Japanese physicists' 'pentaquark' hints at answers to makeup of matter (USA TODAY)
Japanese physicists' 'pentaquark' hints at answers to makeup of matter
Physicists have discovered a new class of subatomic particles, offering unexpected insights into the building blocks of matter. The discovery involves tiny particles called "quarks," the bricks and mortar of protons and neutrons in the atomic nucleus.
Until now, physicists had only seen quarks packed into two- or three-quark combinations inside the larger subatomic particles.
These combinations have always been something of a mystery. In their efforts to unravel the secrets of matter, scientists have tried for three decades to come up with different combinations.
And now a Japanese team led by Takashi Nakano of Osaka University says it has created a five-quark particle — "pentaquark" — in an experiment at the SPring-8 physics lab. Testing a theory from Russian scientists, the team blasted carbon atoms with high-energy X-rays to make the pentaquarks.
Determining why the pentaquark appeared in the experiment should offer great insight into the nature and stability of the essential building blocks of all matter, says physicist Ken Hicks of Ohio University in Athens, who took part in both the experiment and a confirmatory effort at the U.S. Department of Energy's Thomas Jefferson National Accelerator Facility.

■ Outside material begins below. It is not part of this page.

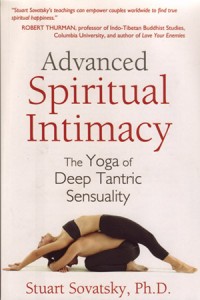 With illustrated instructions, Sovatsky reveals flow-yoga asanas, mantras and devotional breathing practices for solo kundalini yoga, as well as couples’ yoga practices and chakra meditations to awaken the heart and the divinely eroticized mind.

"It took me two months to convince myself this was real," Hicks says. "It has been a real roller coaster."
Quarks come in six types, or "colors." The type of quarks inside protons and neutrons determines the mass, energy and magnetism of those particles. The pentaquark's stability likely comes from a unique combination of quarks, says physicist Peter Barnes of Los Alamos (N.M.) National Lab.
The findings appear in next Friday's Physical Review Letters.